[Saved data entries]
────────────────

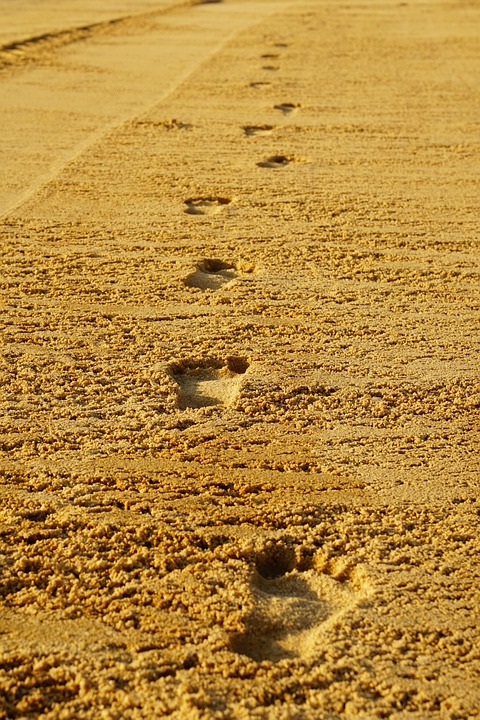 footprints in the sand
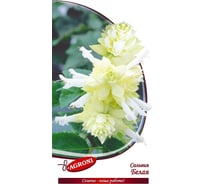 Семена Агрони Сальвия БЕЛАЯ 3233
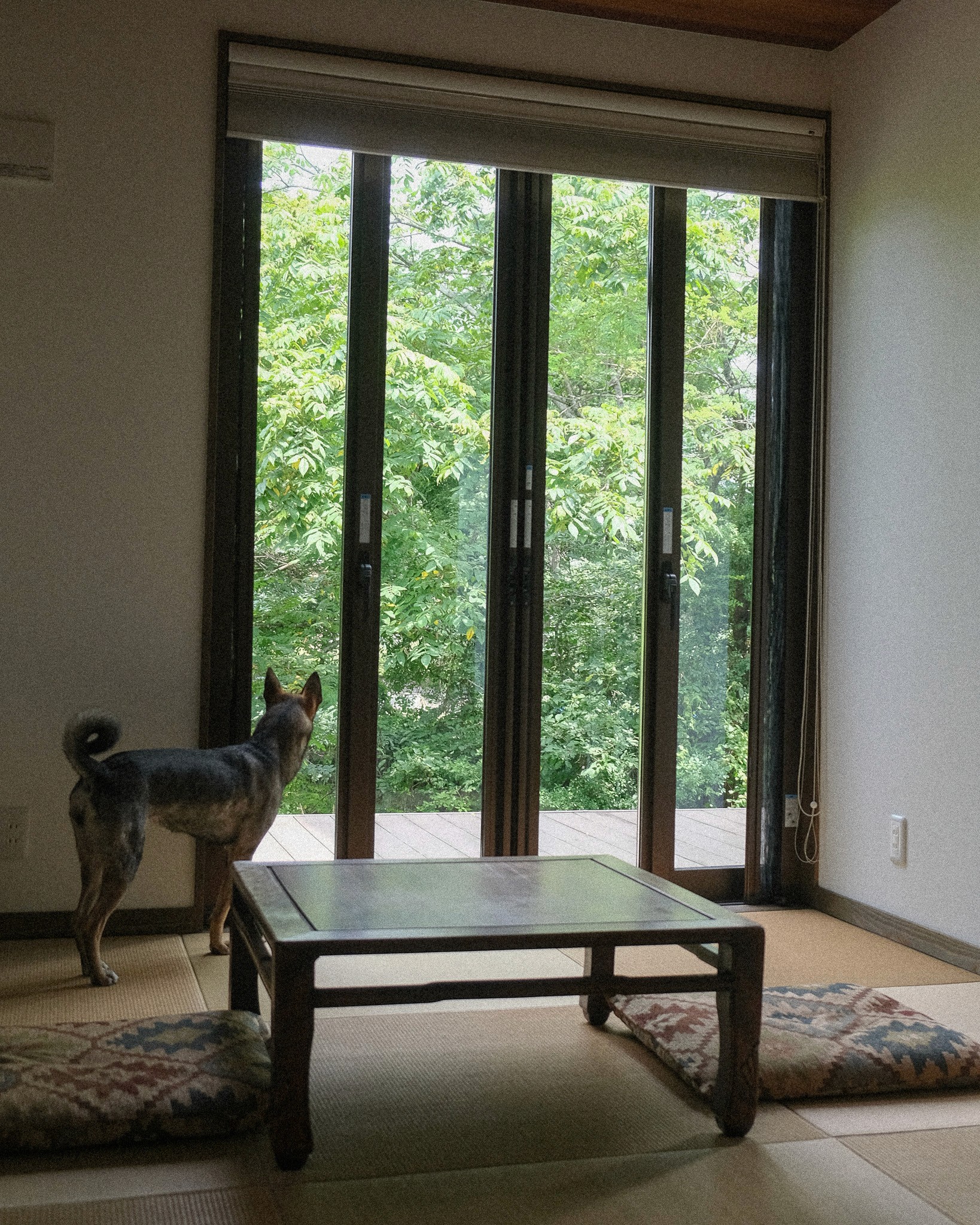 Dog looking out of window in a Japanese room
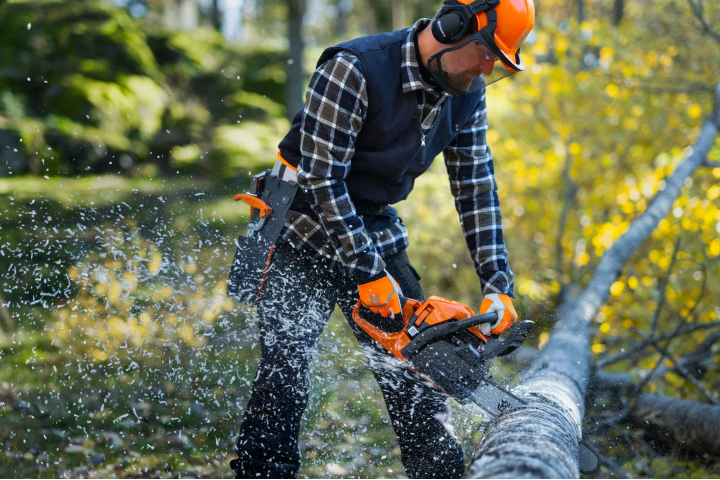 Купити Бензопила Husqvarna 445S (9707019-15). Офіційний магазин Хускварна Україна, фірмова гарантія з доставкою по Украіні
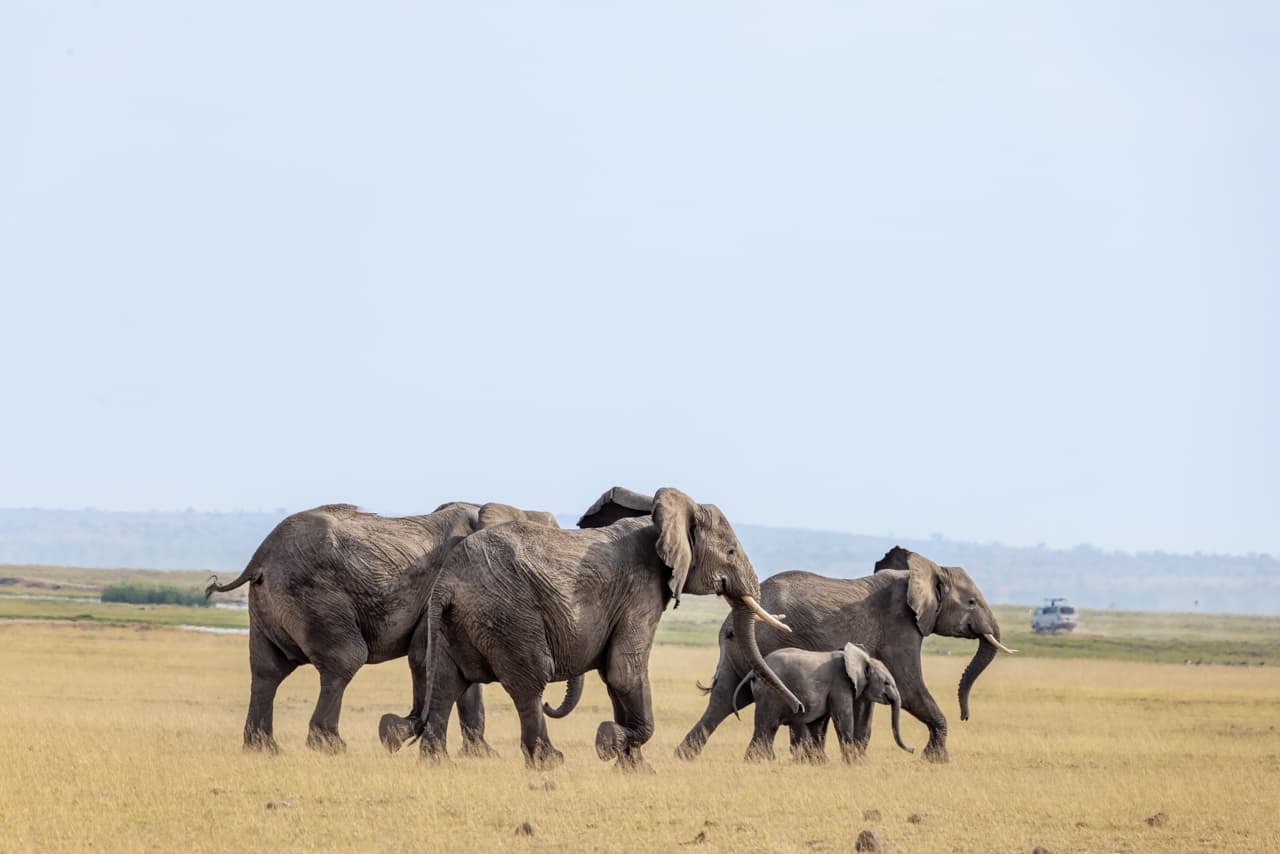 Amboseli landscape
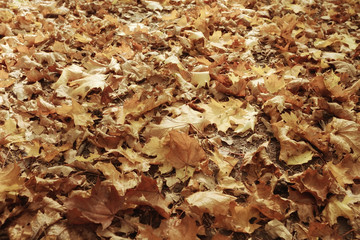 Autumn texture of yellow fallen leaves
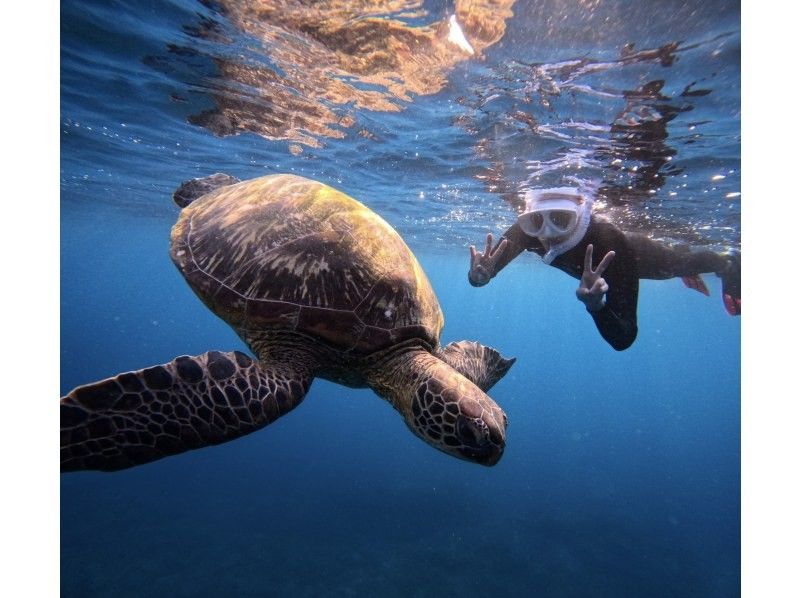 【ANA誌掲載】総口コミ1500件超★大人気ウミガメ大接近！？99.99%遭遇率【2歳〜85歳】ニモや熱帯魚に会える！当日予約OK・無料多数の紹介画像
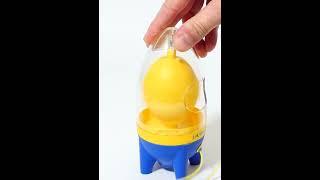 Wait For It - Egg Kitchen Gadget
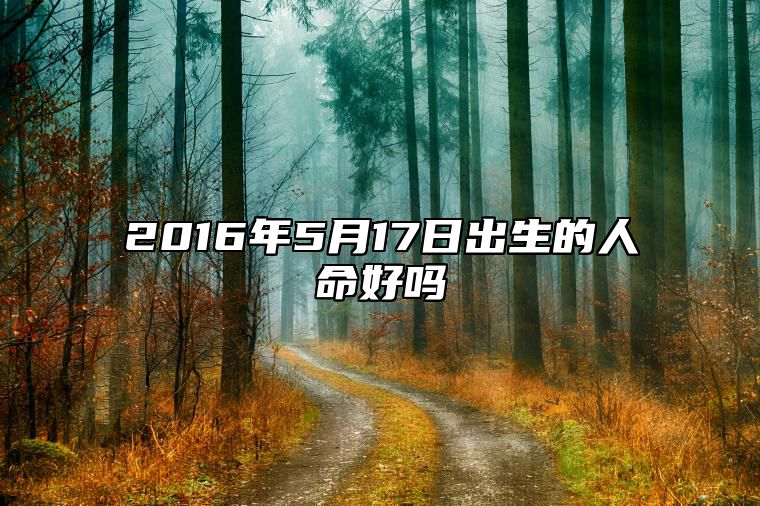 2016年5月17日出生的人命好吗 今日不同时辰生辰八字解析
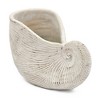 Chery Life Cement Nautilus Shell Planter with Textured Beige Finish - 3 of 4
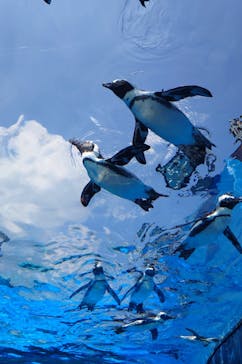 サンシャイン水族館に投稿された画像（2025/8/24）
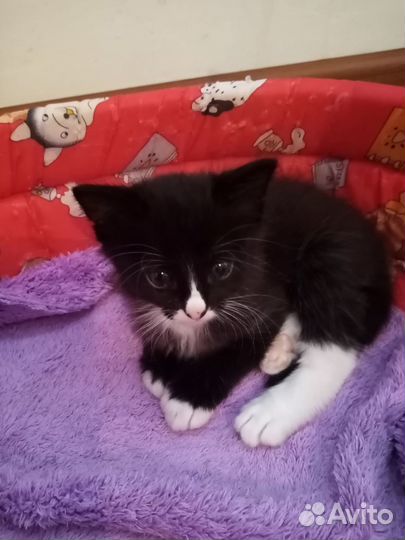 Кошки в добрые руки бесплатно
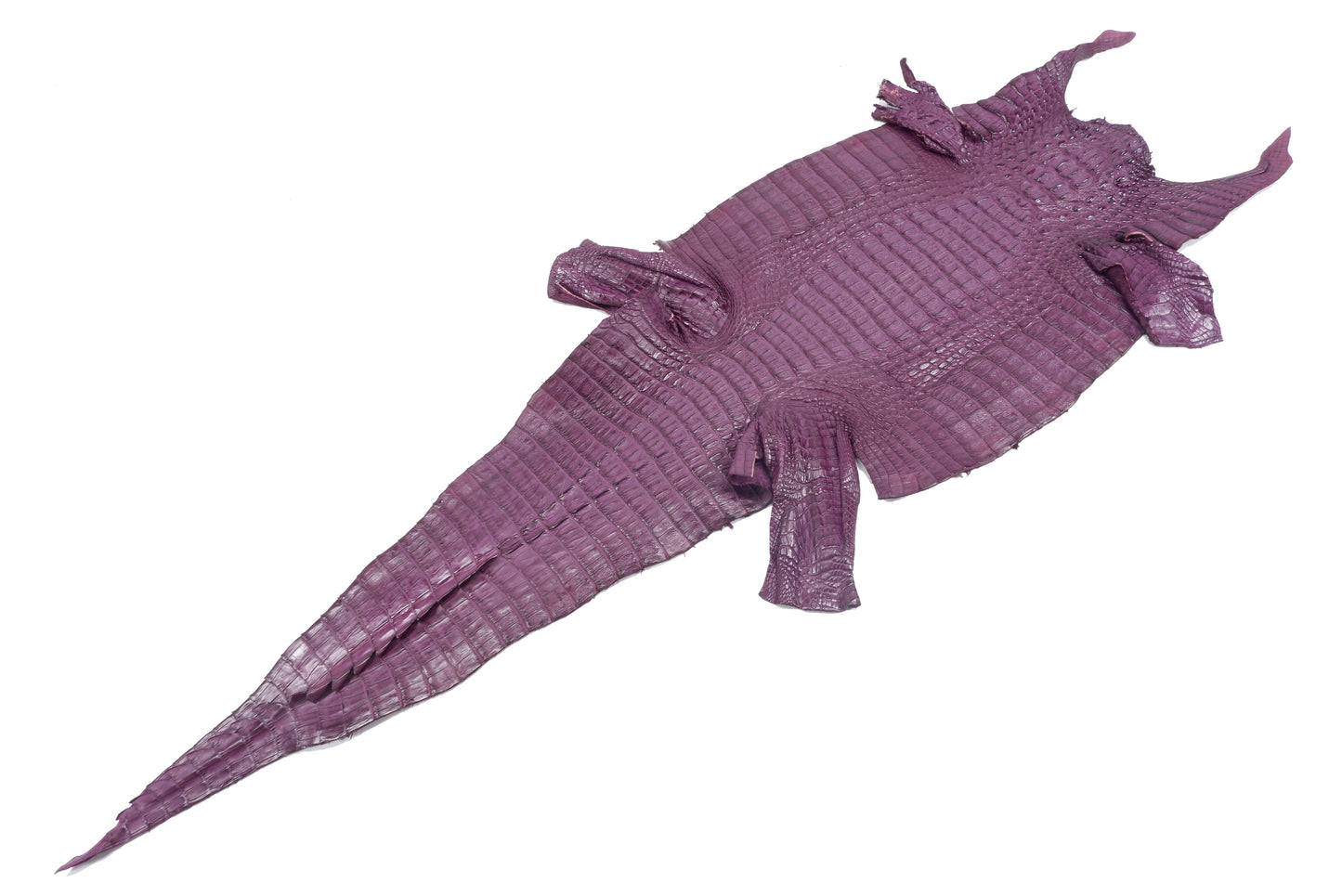 Genuine Caiman Crocodile Hornback Skin Leather Hide Pelt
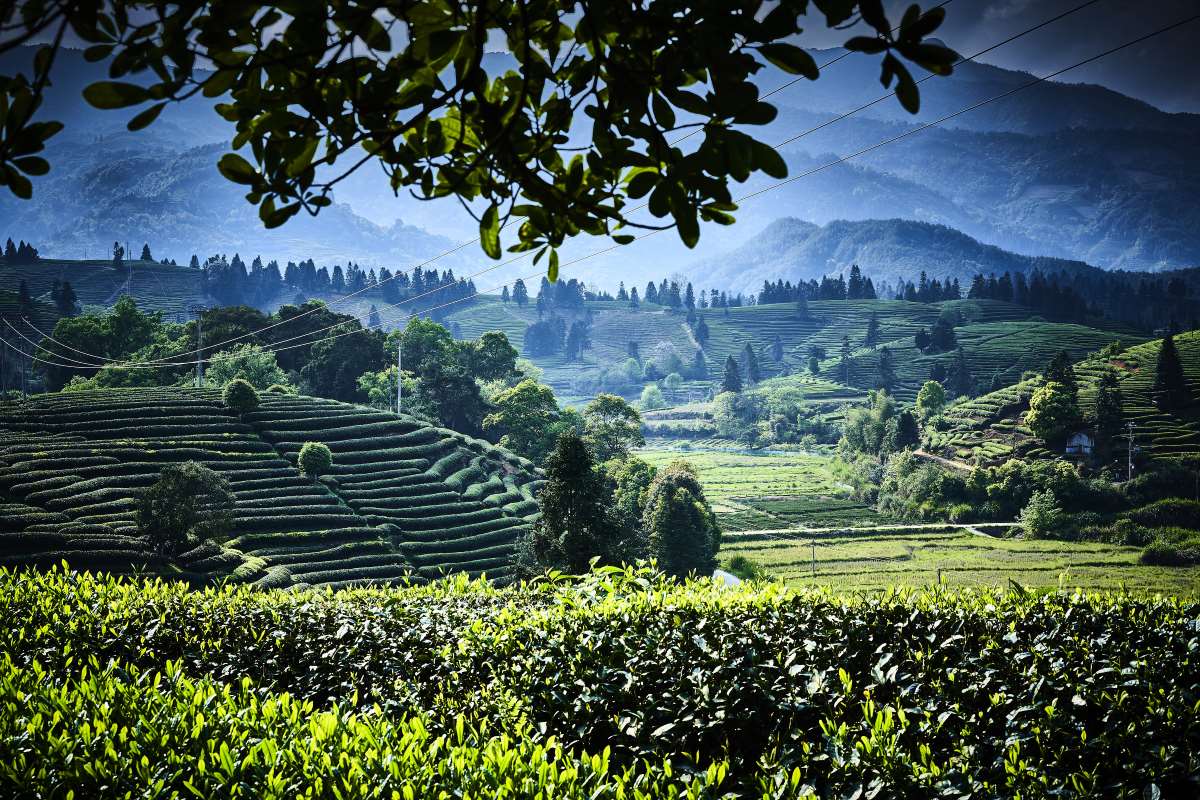 Teegarten in Fujian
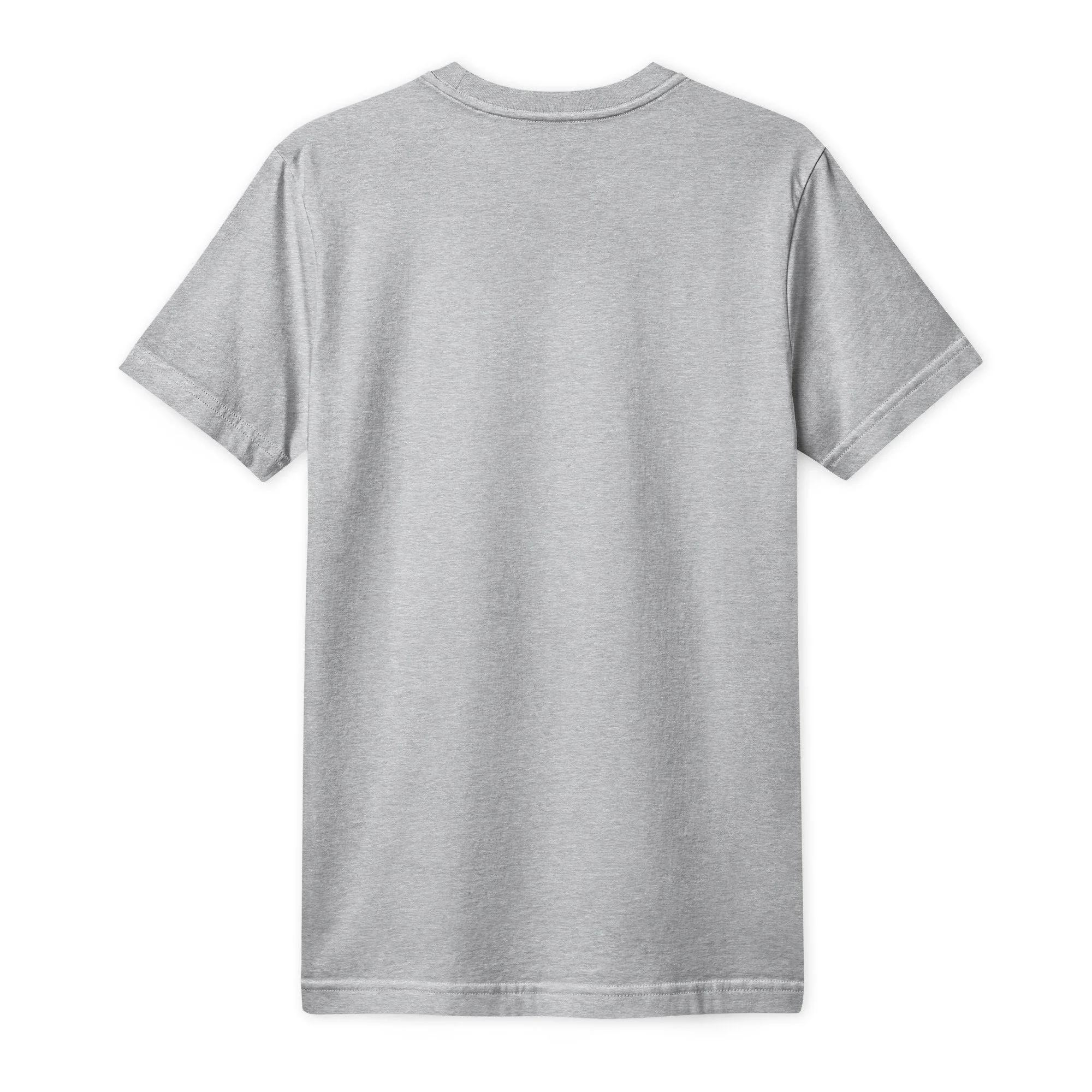 unisex-fine-jersey-t-shirt-heather-grey-back-6ab1935bc5713.jpg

────────────────

[Aim of the task]:
Reproduce nothing but the lines running from the line with "2016年5月17日出生的人命好吗 今日不同时辰生辰八字解析" through the end of the records, keeping both end lines and dropping the pictures.

[Exercise output]:
 2016年5月17日出生的人命好吗 今日不同时辰生辰八字解析
 Chery Life Cement Nautilus Shell Planter with Textured Beige Finish - 3 of 4
 サンシャイン水族館に投稿された画像（2025/8/24）
 Кошки в добрые руки бесплатно
 Genuine Caiman Crocodile Hornback Skin Leather Hide Pelt
 Teegarten in Fujian
 unisex-fine-jersey-t-shirt-heather-grey-back-6ab1935bc5713.jpg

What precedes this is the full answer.